§ PROBLEM REQUIREMENTS
The lines from the one containing "Appraisal: A Pair" through the last line below, both ends included, must be reproduced exactly, with no pictures.

§ INPUT DATA
# # #
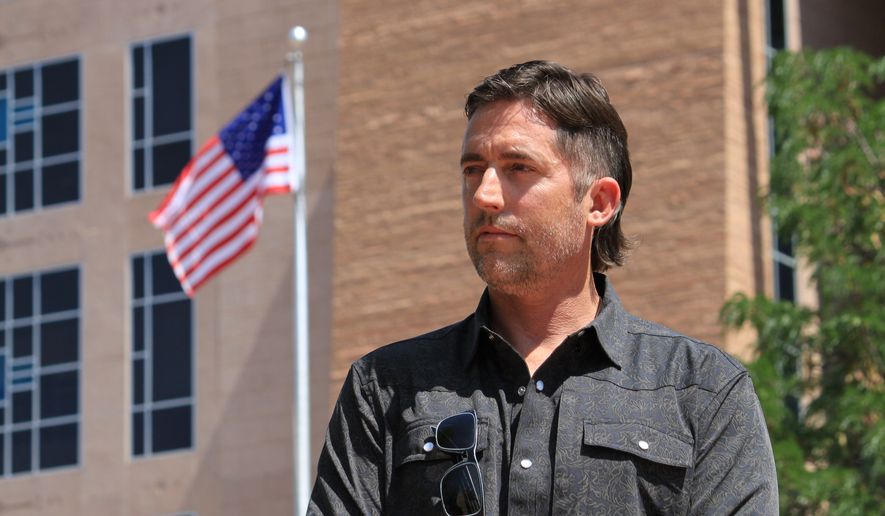 DEA Special Agent David Howell, who filed a whistleblower complaint, poses for a portrait outside the U.S. District Court in Albuquerque, N.M., on Friday, June 12, 2026. (AP Photo/Susan Montoya Bryan)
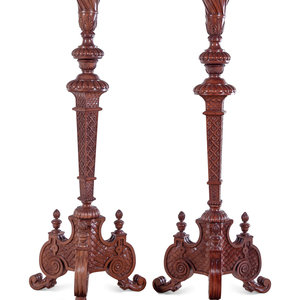 Appraisal: A Pair of Continental Carved Walnut Torch res th Century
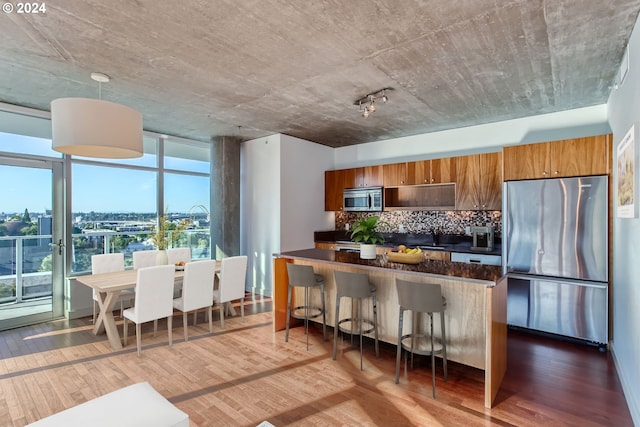 kitchen with hanging light fixtures, dark hardwood / wood-style floors, stainless steel appliances, decorative backsplash, and a kitchen breakfast bar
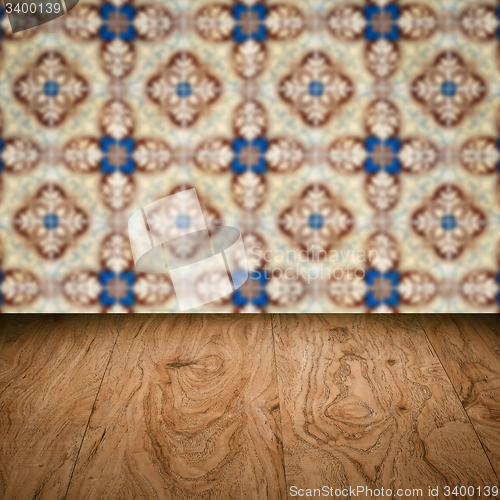 Image of Wood table top and blur vintage ceramic tile pattern wall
# # #
§ RESPONSE AREA
 Appraisal: A Pair of Continental Carved Walnut Torch res th Century
 kitchen with hanging light fixtures, dark hardwood / wood-style floors, stainless steel appliances, decorative backsplash, and a kitchen breakfast bar
 Image of Wood table top and blur vintage ceramic tile pattern wall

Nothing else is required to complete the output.